A novice in the world of public art, I recently undertook a monthlong survey of as many murals in Minneapolis and St. Paul as my eyes could take in, with just a few guidebooks and the helpful advice of experts guiding my forays. Below are about 20 of the works that stood out, accompanied by a mélange of my impressions, the artists' commentary, and whatever other material seemed interesting. (Also, City Pages' David Schimke visits a studio the size of a hangar where a team of Mexican and American artists are creating a mosaic that will go up on a wall in Minneapolis's Longfellow neighborhood just a few weeks hence.) By the way, I am by no means claiming that these are the "best" murals in the Twin Cities, and just because I omitted a piece doesn't mean it isn't noteworthy. So let's just stop that flurry of letters to the editor starting "How could you overlook the puzzle-like, negative-image lettering on the side of the U of M studio arts building?" and "What kind of idiot would fail to mention Roger Nelson's work on the Kmart building on Lake Street?" This piece is meant as an introduction, not a conclusion.

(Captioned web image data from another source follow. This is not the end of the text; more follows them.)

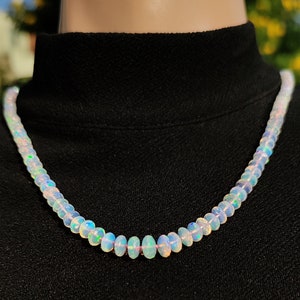 Pode incluir: Um colar de contas de opala branca com cores arco-&iacute;ris iridescentes. O colar &eacute; feito de pequenas contas de forma oval.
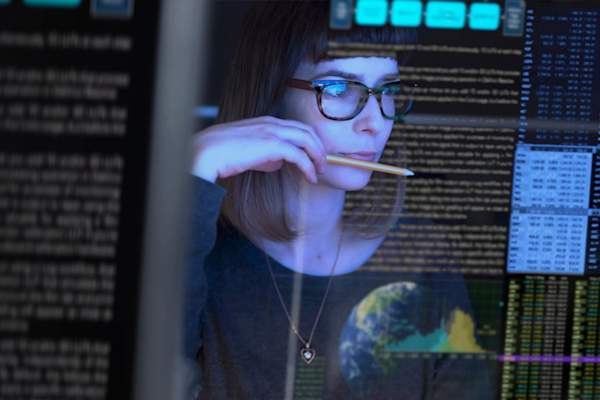 woman looking at data on computer
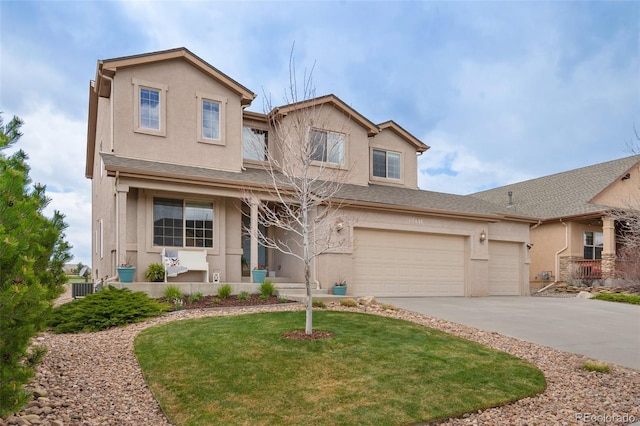 traditional home featuring stucco siding, driveway, a front yard, and an attached garage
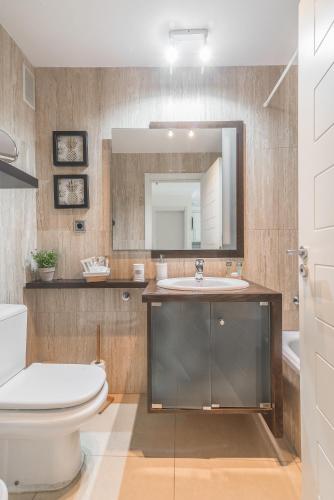 a bathroom with a toilet and a sink and a mirror at Home2Book Urban Retreat & Shared Pool Las Palmas in Las Palmas de Gran Canaria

In any case, these existing murals are now part of the psychological landscape of the Cities. True, they may be a part of our subconscious landscape: When I mentioned I was working on this article, some half-dozen friends and acquaintances chimed in to suggest a mural I just had to include--if only they could remember the exact location. But that's how public art operates, subtly shifting your mood without commanding your full attention.

One way or another, public space will be arranged according to some sort of aesthetic. If we're fortunate, the community that will be shaped by that aesthetic will have some say in the process. It can be one of restyled graffiti. Or, if you prefer, it can be one of steel and glass and unadorned concrete--or Taco Bell ads.



John Biggers, designer;
painted by Ta-coumba Aiken,
Seitu Jones, and others


Olson Memorial Highway and Lyndale Avenue North

Minneapolis * 1996


The sound wall might be the most depressing of all modern architectural feats, rising above the ruins of former communities as a monument to sheer, unadorned utility. Cars must be moved along highways. People must be shielded from the roaring noise of those highways. Walls must rise.

The first such structure that the Minnesota Department of Transportation allowed to be painted was heralded by its creators as "a gateway to the African-American community," which accounts for the African motifs in the piece. On the far left, fireballs shoot from an amorphous void into a checkered grid. As you follow the pale blue panels rightward, recognizable shapes slowly emerge from these patterns. Paint drippings cohere into ornate combs, descending from above to gently touch spirit stools occupied by totemic animals. At the midpoint of the wall, the shapes rise off the wall to create a vivid three-dimensional effect. Then they sink back into the surface on the far right, fading first into rudimentary sketches, then into nothingness again.

This vision of life's mutability, of existence emerging from the universe and then returning, might soon be reflected in the fate of the mural itself. As part of the controversial redevelopment of the near north side, nearby Bassett Creek will soon be "reclaimed"--that is, brought above ground--and the land on which Celebration of Life now rests will become structurally unsound. (See "Home Is Where the Art Is," February 28). Two proposals have been floated in response, to be debated in public discussion on September 22. One would relocate the mural, risking structural damage. An alternative plan would pony up money to reconstruct it elsewhere, even though its original creator, John Biggers, died earlier this year. The mural's dilemma seems uncomfortably fitting, since much of the African-American community celebrated in "Celebration of Life" has already been displaced.